National security is central to the president’s job, of course. But no one — whether liberal or conservative — should think of the president as a national father‐protector. That view treats the American people like children, and it practically begs for a dangerous concentration of executive power.
In years past, MoDo spared no venom for George W. Bush’s expansive approach to presidential power. Like most liberals, she seemed to think that the influence of neoconservative ideologues was the only possible reason for that approach.
In his 2007 book The Terror Presidency, however, former Bush official Jack Goldsmith explains that the Bush team’s power grab was driven by their fear that the public would hold them “wholly responsible” for any terrorist strike. “Since the president would be blamed for the next homeland attack,” he had to have the power “to do what he deemed necessary to stop it,” even if that required ignoring valid statutes restricting torture and wiretapping.
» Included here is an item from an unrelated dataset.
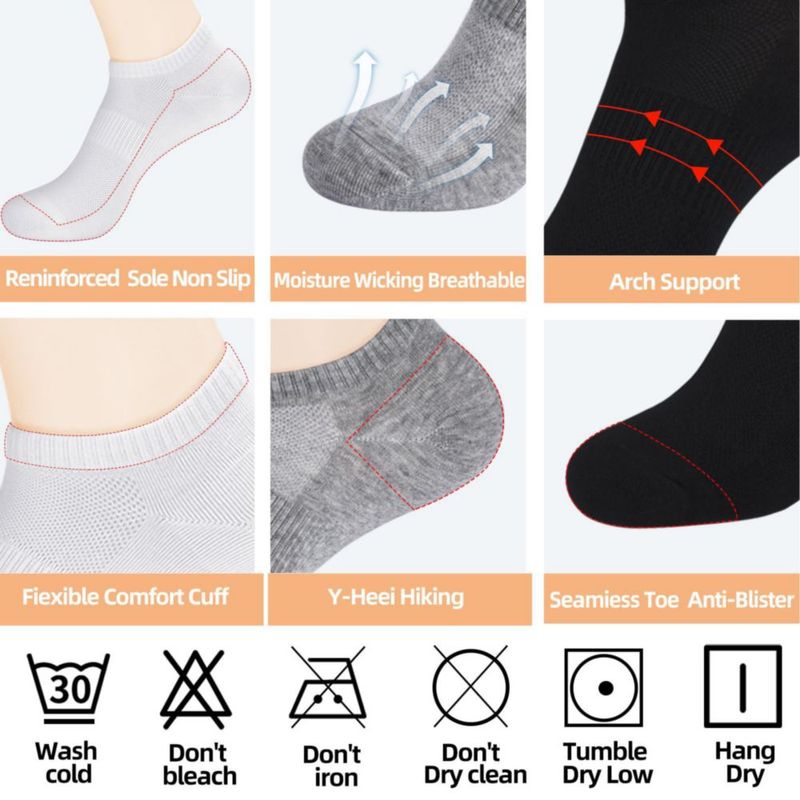 Calcetines deportivos de tobillo bajo para mujer 12 pares Corlap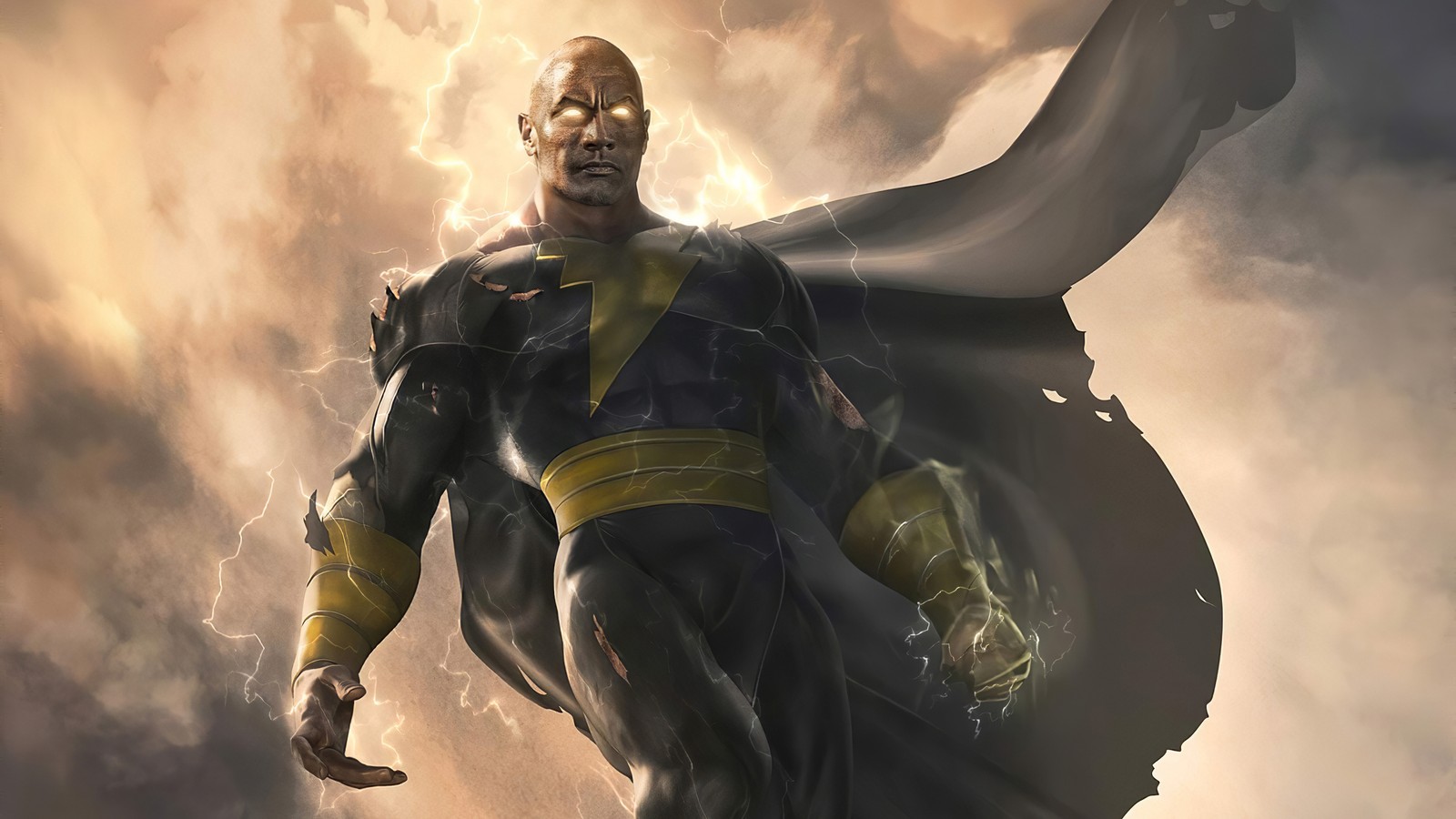 Un primer plano de un hombre con una capa en un día nublado (black adam 2022, película, cartel)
Last year, some conservatives had second thoughts about unrestrained presidential surveillance when they saw the infamous Department of Homeland Security memo about monitoring states’ rights activists and pro‐lifers. They were right to worry, given how liberal presidents used to abuse their surveillance powers in the name of national security — with JFK wiretapping conservative journalists and chief executive officers, and LBJ bugging his 1964 opponent Barry Goldwater’s campaign plane.
Anyone who demands near‐perfect protection from terrorism shouldn’t be heard to complain about the erosion of civil liberties. Likewise, conservatives who sow panic about failed attacks should stop railing against Transportation Security Administration intrusiveness, because they’re helping drive the process. Indeed, there’s a hint of Dowd’s Daddyism in GOP Rep. Peter King’s suggestion that if the president would just talk tougher, bureaucratic systems would magically improve.
Terrorism’s a sensitive subject, so let’s be clear: I’m not suggesting that anyone who criticizes the federal government’s handling of the underwear bomber has fallen prey to Daddyism.
There’s nothing wrong with blaming Obama’s DHS for significant mistakes that led to a harrowing near‐miss. Nor am I counseling complacency about the terrorist threat.
But since terrorists seek overreaction, we deny them a victory when we keep our nerve. MoDo invokes Star Trek’s Spock to make the point that “it’s not OK to be cool about national security.”
It is something we need to be vigilant about, but if and when al Qaeda succeeds again, it won’t prove our Constitution is a “suicide pact.” We live in an open society of 300 million people and you can’t eliminate risk without striking at that openness.
In his Jan. 1 column, neoconservative David Brooks — of all people — argued that “a mature nation” responds to terrorism with “a little resiliency, an awareness that human systems fail and bad things will happen and we don’t have to lose our heads every time they do.”
And the conservative Wall Street Journal recently published an op‐ed arguing that the failed attack shows al Qaeda to be “incapacitated” and “hapless,” dependent on “the sizable damage we inflict on ourselves” when we panic. The answer, per another recent WSJ piece, is “a little intelligence and a few drops of courage,” and the recognition that “of all the risks we confront in America every day,” terrorism is a comparatively minor one.
Does this represent the beginnings of an outbreak of good sense on the right? Let’s hope so.
Republicans sometimes call themselves the “Daddy Party.” But what the country needs now is an adult conversation about terrorism.